Глава 6. Последствия латентности

В 1950-х годах Западный (капиталистический) и Восточный (коммунистический) блоки оформились окончательно и разделили карту планеты между собою – как если бы играли в шахматы. Игру эту, конечно, сопровождало реальное политическое напряжение, временами разражавшееся военной конфронтацией (однако без того, чтобы превращаться в Третью мировую войну с ядерным оружием). В то же самое время мировое население все более отдалялось от опыта, еще недавно считавшегося самым страшным опытом в истории. И самой значительной разницей между периодом после 1945 года и периодом после Первой мировой войны стала легкость – или казавшаяся легкость, – с которой можно было оставить прошлое позади, и не только интеллектуально.

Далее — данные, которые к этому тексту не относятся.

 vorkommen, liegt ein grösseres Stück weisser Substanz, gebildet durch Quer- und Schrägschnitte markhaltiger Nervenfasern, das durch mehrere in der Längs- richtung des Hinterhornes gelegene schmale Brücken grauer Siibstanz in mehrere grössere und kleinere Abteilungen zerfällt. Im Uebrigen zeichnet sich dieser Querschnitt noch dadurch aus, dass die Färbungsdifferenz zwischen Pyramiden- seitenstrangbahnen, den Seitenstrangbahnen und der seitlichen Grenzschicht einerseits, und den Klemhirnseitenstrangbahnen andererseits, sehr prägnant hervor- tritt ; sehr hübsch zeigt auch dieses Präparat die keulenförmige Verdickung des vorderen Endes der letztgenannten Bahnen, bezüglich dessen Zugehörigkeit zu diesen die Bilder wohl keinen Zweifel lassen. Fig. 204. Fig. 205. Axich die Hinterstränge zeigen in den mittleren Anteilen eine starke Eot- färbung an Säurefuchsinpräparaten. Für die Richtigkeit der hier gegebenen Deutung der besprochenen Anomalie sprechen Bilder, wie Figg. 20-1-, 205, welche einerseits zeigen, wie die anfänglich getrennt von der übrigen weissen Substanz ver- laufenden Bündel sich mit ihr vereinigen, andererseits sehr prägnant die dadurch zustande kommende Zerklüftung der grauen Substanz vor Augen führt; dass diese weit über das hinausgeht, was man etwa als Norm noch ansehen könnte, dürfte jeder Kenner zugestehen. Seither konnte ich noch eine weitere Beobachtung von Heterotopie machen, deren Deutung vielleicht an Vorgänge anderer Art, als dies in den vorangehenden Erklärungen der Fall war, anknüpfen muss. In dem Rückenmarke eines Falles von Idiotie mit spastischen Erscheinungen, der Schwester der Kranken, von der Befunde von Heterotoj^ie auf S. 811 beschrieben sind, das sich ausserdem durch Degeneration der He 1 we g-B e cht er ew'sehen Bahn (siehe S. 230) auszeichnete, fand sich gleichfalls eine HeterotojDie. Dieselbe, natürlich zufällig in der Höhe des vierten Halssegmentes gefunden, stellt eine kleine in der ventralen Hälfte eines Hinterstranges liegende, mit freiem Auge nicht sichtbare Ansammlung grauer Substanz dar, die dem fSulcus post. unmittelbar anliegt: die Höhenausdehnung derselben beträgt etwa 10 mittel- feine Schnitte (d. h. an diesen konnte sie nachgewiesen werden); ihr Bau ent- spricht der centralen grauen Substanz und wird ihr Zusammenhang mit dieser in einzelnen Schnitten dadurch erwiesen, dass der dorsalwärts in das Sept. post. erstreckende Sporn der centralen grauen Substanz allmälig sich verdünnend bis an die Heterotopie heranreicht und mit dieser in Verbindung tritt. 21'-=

Три предыдущие главы описали целый веер культурных ситуаций в десятилетие после Второй мировой войны как разные стороны Stimmung ’а данного периода. И прежде чем обратиться к периоду, который соединяет послевоенные десятилетия и XXI век (о чем пойдет речь в следующей и заключительной главах), я хотел бы суммировать и синтезировать то, что мы смогли обнаружить и рассмотреть, в более абстрактных, то есть в концептуально более структурированных терминах. Три наблюдения кажутся мне абсолютно фундаментальными. Во-первых, несмотря на очевидные местные различия, вполне возможно – и, вероятно, даже важно – понять мир после Второй мировой войны как «ситуацию глобализма» avant la lettre. Западный и Восточный блоки, нации победившие и проигравшие и, что особенно любопытно, даже некоторые страны, которые не слишком активно участвовали в военных операциях (в частности, Бразилия и Испания), все стали частью поразительно гомогенной, очевидно «глобальной» сети вызовов, тревог и путей решения. (Стоит ли говорить, что такие общие вызовы, тревоги и пути решения возникли и были встречены так, как это было специфично в каждом отдельном культурном ареале.) И я бы хотел даже сделать эмпирическое утверждение: все три конфигурации, что были представлены в трех предыдущих главах, – это и есть то, что формирует глобальную культурную сеть в ее специфических исторических контурах. Несмотря на весь прогресс и все перемены, которые могли произойти в этот промежуток времени, эта глобальная сеть сохранила свои основные очертания до сего дня – то серое наследие прошлого, которое встречаешь постоянно, даже если никогда не видишь его со всей ясностью. Другими словами, это наследие, кажется, снизошло на наше настоящее и в то же время оно частично его формирует; оно преследует нас даже если – или именно потому, что – мы только смутно способны почувствовать принимаемую им форму и очень редко встречаемся с ней напрямую. Статус и параметры «субъективности», например, то есть природа ключевой фигуры отношения к самому себе, самореференции у западного «человека» так и не стала объектом более ясного понимания по сравнению с тем, что было найдено для нее в феноменологии, вызвавшейся определить ее после 1900 года. Наоборот, это понятие со временем становилось все более проблематичным.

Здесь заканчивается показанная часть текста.